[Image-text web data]
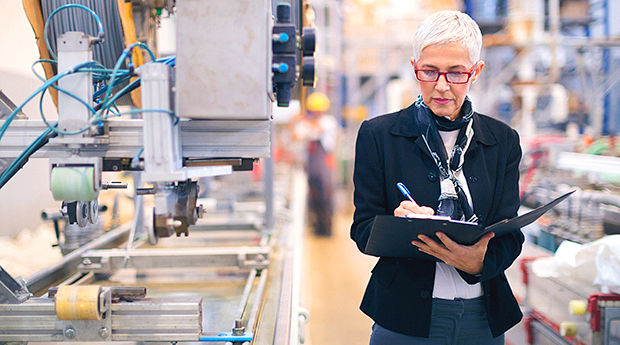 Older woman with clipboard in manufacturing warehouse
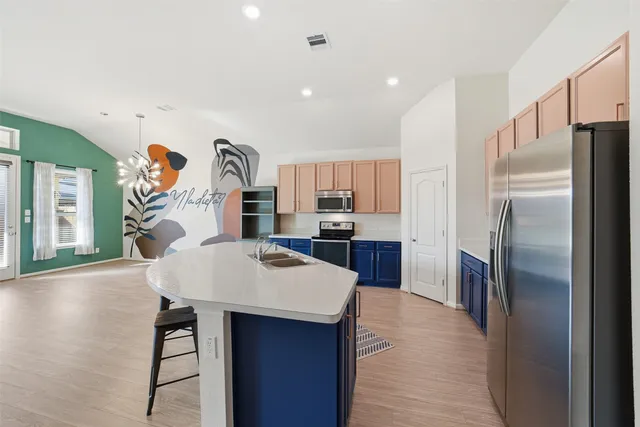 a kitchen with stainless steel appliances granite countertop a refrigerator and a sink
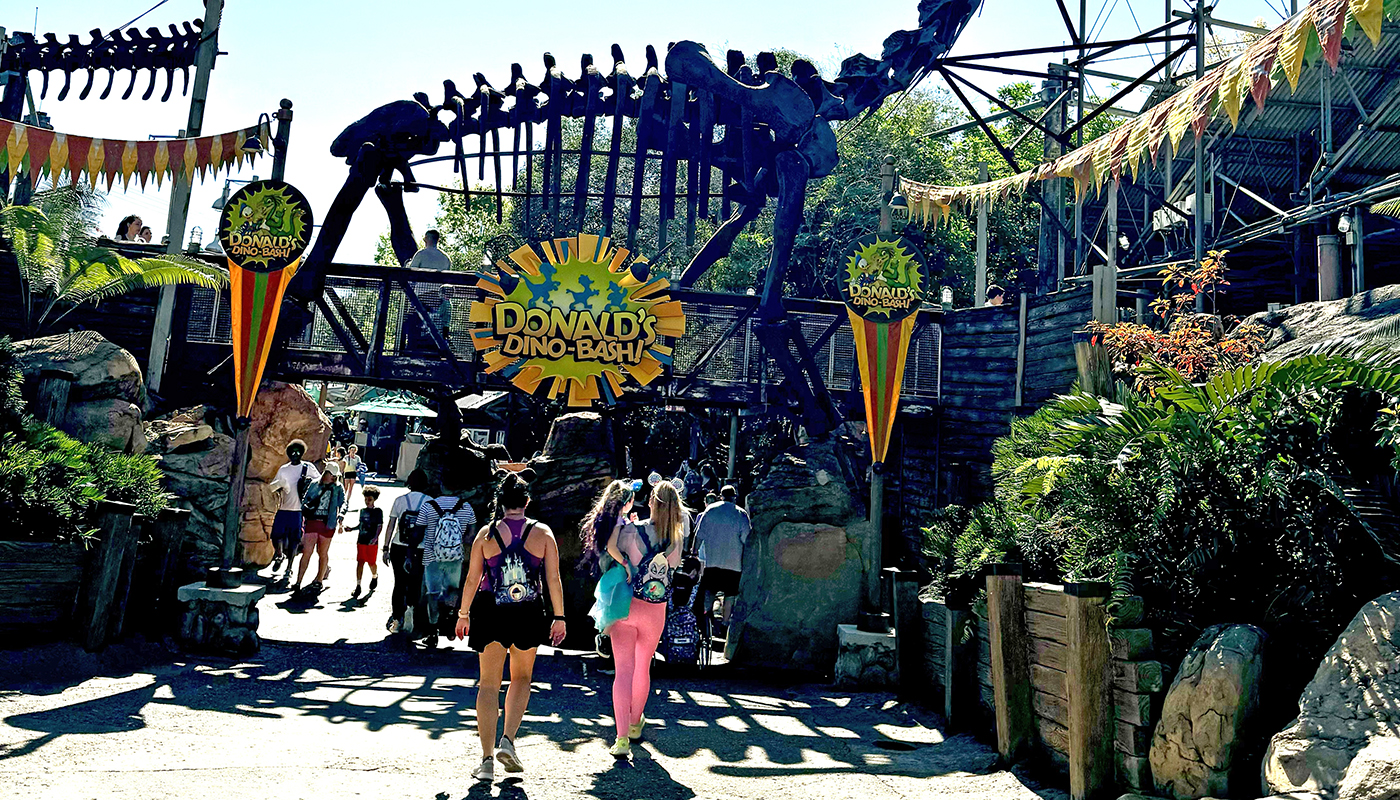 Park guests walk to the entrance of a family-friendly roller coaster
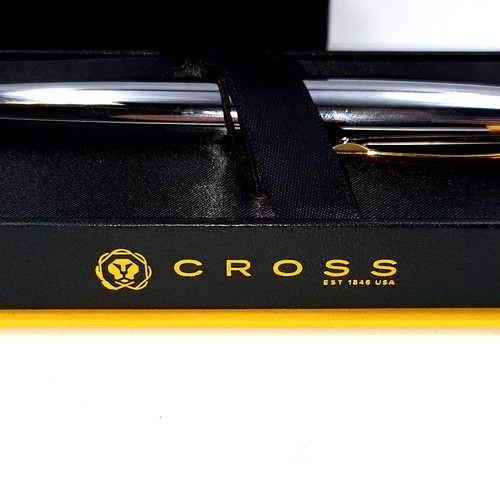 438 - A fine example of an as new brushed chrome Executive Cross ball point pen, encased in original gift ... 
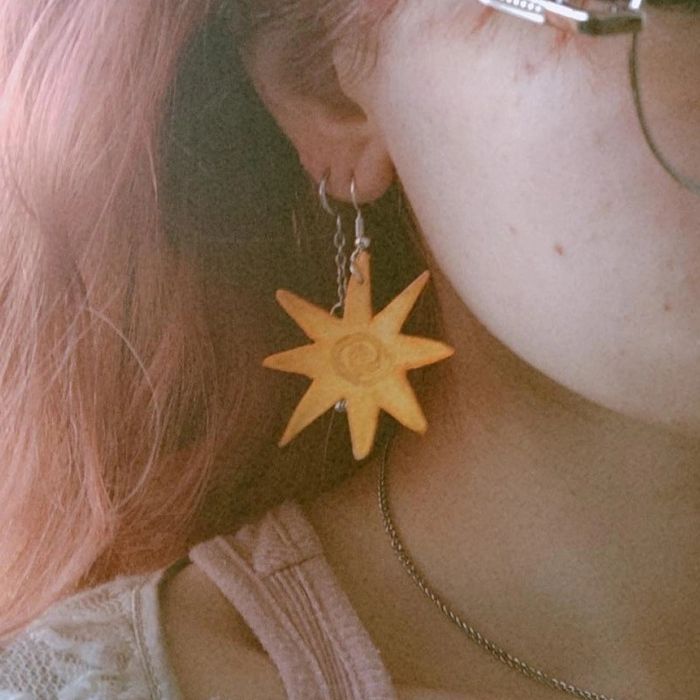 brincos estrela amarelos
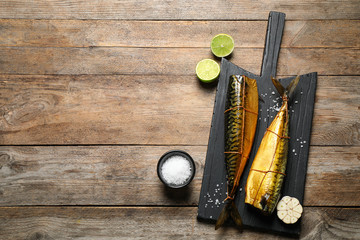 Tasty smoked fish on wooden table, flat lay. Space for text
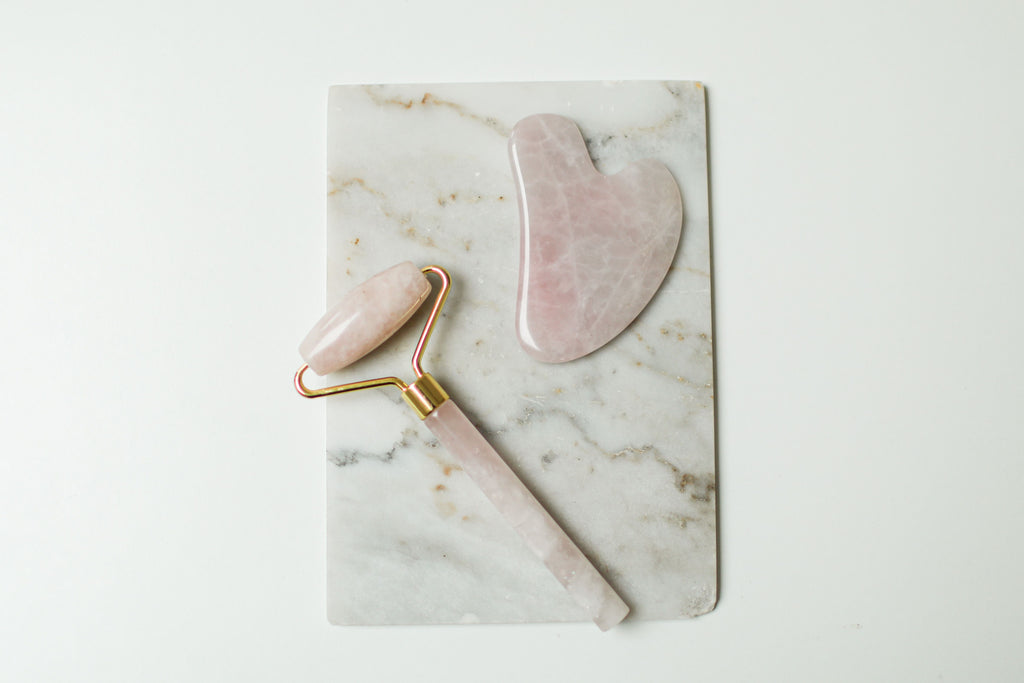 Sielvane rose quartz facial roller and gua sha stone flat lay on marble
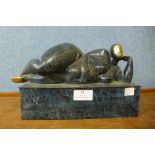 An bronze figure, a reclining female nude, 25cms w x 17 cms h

- _EXERCISE GOAL_: Copy exactly, and copy nothing else: the lines from the one containing "Tasty smoked fish" through the end of the data, both ends included, with pictures left out.

- _EXPECTED OUTPUT_:
 Tasty smoked fish on wooden table, flat lay. Space for text
 Sielvane rose quartz facial roller and gua sha stone flat lay on marble
 An bronze figure, a reclining female nude, 25cms w x 17 cms h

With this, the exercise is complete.